One way to support the expanding undecided student group is to create multipronged efforts or holistic direct intervention advising programs/offices. In a review of multiple advising programs for undecided students, Stuart Hunter and Harwood (1994) found that exemplary programs emphasized self-reflection, information gathering, career investigation, and planning. This is consistent with the research of Beatty et al. (1983), which described the development of an advising program that included both dedicated/intrusive advising for undecided students and a specialized course focused on career development. Both provided opportunities for undecided students to develop skills of self-reflection, educational/career investigation, and decision-making, which the study implied was lacking in these students before the intervention (Beatty et al., 1983). Groccia and Harrity (1991) also described a program for undecided first-year students at a science/engineering technical institute that included a seminar, career resource library, and a job shadow experience. Program objectives were supported by data showing a majority of participating students declared majors after their first semester and were retained into second semester (Groccia & Harrity, 1991).

Gordon and Steele (1992) reviewed outcomes from a similar advising program, which included a combination of intrusive advising, group advising workshops, and a specially designed course to support upper-level students who needed to identify a new academic direction and were not progressing toward original academic goals. They argued that students who encounter academic or institutional barriers in pursuit of initial degree plans are often left to resolve issues independently and need dedicated intrusive advising programming. A later longitudinal study measured the program’s effectiveness and found that participating students were more likely to be retained and graduate (Steele et al., 1993). Additionally, student participants generally selected new degree pathways to which they realistically could be admitted, and most graduated with the new degree selection (Steele et al., 1993).

Other programmatic efforts explored organizational shifts to incorporate additional support resources for undecided students within the same unit. In an early example of the organizational integration of career counseling and academic advising, Bradley (1983) identified career indecision as a problem for student retention and suggested students leave college without engaging in significant career exploration, which impacts their ability to choose a program. To address this concern, an integrated career counseling program within the academic advising unit was created. Over three years, 65% of participating students completed and chose majors; most students who did not complete the program left the institution.

Academic workshops and courses

Many interventions in the literature focus on group advising in which students with common major selection concerns complete structured work together. Stuart Hunter and Harwood (1994) found that many undecided student advising programs rely on workshops and seminars. Multiple studies support specialized workshops/courses for undecided students to improve decision-making and career development outcomes.

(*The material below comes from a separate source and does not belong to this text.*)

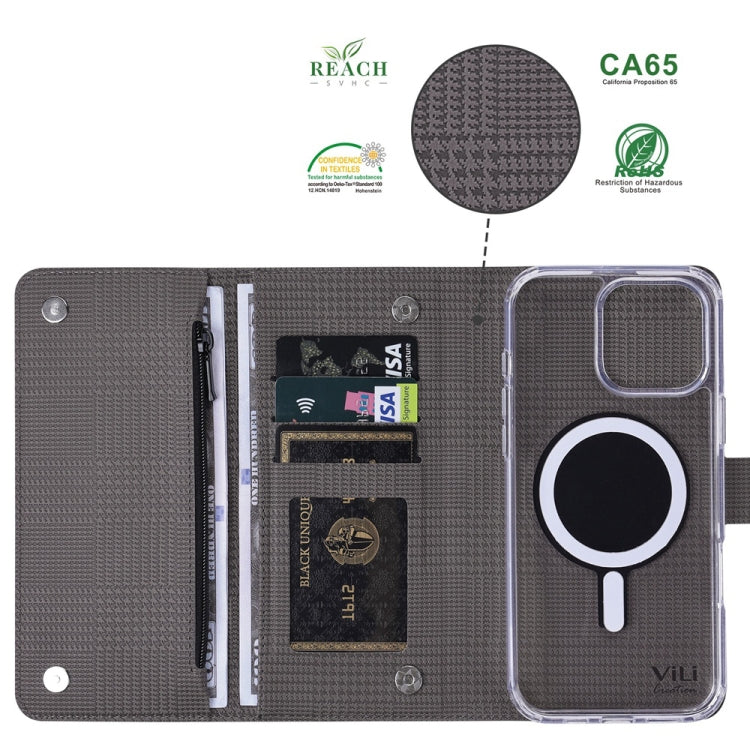 For iPhone 16 ViLi GHB-C Series RFID MagSafe Magnetic Flip Leather Phone Case(Grey) - iPhone 16 Cases by ViLi | Online Shopping South Africa | PMC TechLife | Buy Now Pay Later Mobicred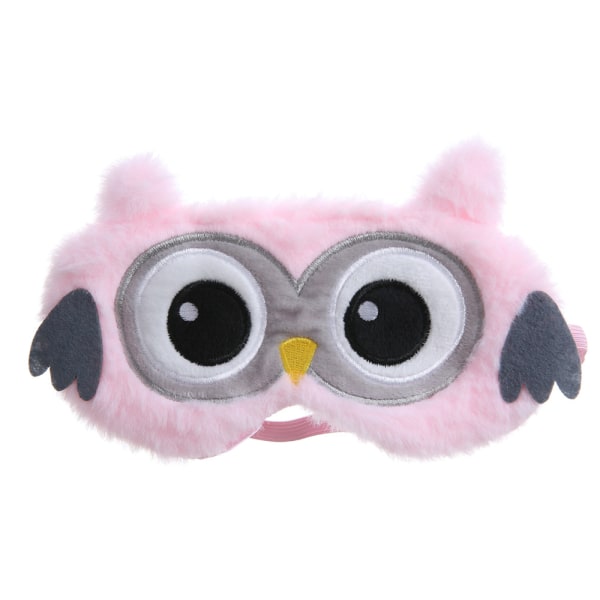 Djursömnmask Kvinnor Barn Flicka Plysch Siden 3D Fluffig Sömnmask Blackout Söt ögonmask för sömn Rese tupplur (Owl-Pink)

Carver and Smart (1985) assessed a for-credit career exploration course for undecided first-year students and found that upon completion, students showed greater academic and career decidedness and maturity, as well as greater engagement with academic and career planning services, than a control group of students who did not participate in the course. Barefoot and Searcy (1994) reiterated that first-year seminars are one of the best tools available to undecided students to explore major and career options and make future plans early in their academic careers. Legutko (2007) found that students who participated in a self-assessment and major exploration workshop made more accurate and informed decisions and gained increased confidence to declare a major. Participants were also more likely to graduate in the major they selected following the workshop (Legutko, 2007). In a mixed-method study, Reynolds et al. (2010) found students who completed a leadership and life-calling course were six times more likely to complete a degree in four years compared to other students in their entering cohort. Participants indicated the course helped them normalize experiences, increase self-awareness, and make better-informed decisions related to their major (Reynolds et al., 2010).

In addition to improved career development outcomes, research supports workshops and courses to improve retention among undecided students (Beatty et al., 1983; Tampke & Durodoye, 2013) and GPAs (Tampke & Durodoye, 2013). Specifically, Pickenpaugh et al. (2022) examined a first-year seminar course for undecided students and found that participants entering their sophomore year had an average GPA 0.4 points higher, and 10% greater retention, when compared with undecided students who did not participate in the seminar.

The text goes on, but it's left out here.